▸ Exercise instructions: Print the entries below word for word; the pictures stay out of your copy.

▸ Data for this task:

BEGIN

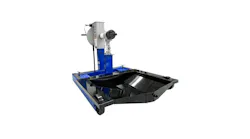 Engine Stand Drip Tray, No. 1750-DT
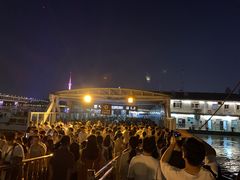 -武汉关码头(轮渡站)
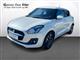 Billede af Suzuki Swift 1,2 Dualjet  Mild hybrid Exclusive AEB CVT 83HK 5d Trinl. Gear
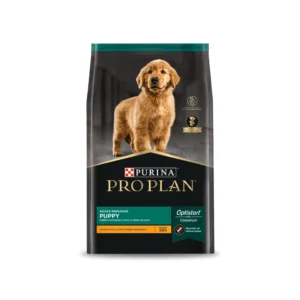 Pro Plan Puppy Razas Medianas 15kg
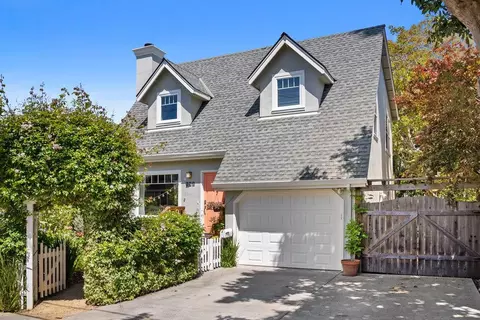 152 Myrtle St, Santa Cruz, CA 95060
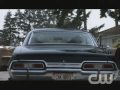 Supernatural 3-Episode Promo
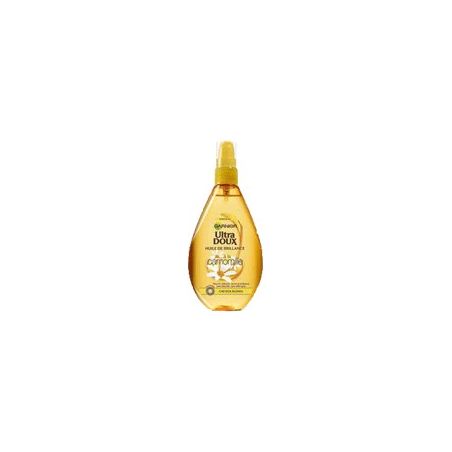 Ultra Doux 150Ml Huil.Camomille Dou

END

▸ Output of the exercise:
 Engine Stand Drip Tray, No. 1750-DT
 -武汉关码头(轮渡站)
 Billede af Suzuki Swift 1,2 Dualjet  Mild hybrid Exclusive AEB CVT 83HK 5d Trinl. Gear
 Pro Plan Puppy Razas Medianas 15kg
 152 Myrtle St, Santa Cruz, CA 95060
 Supernatural 3-Episode Promo
 Ultra Doux 150Ml Huil.Camomille Dou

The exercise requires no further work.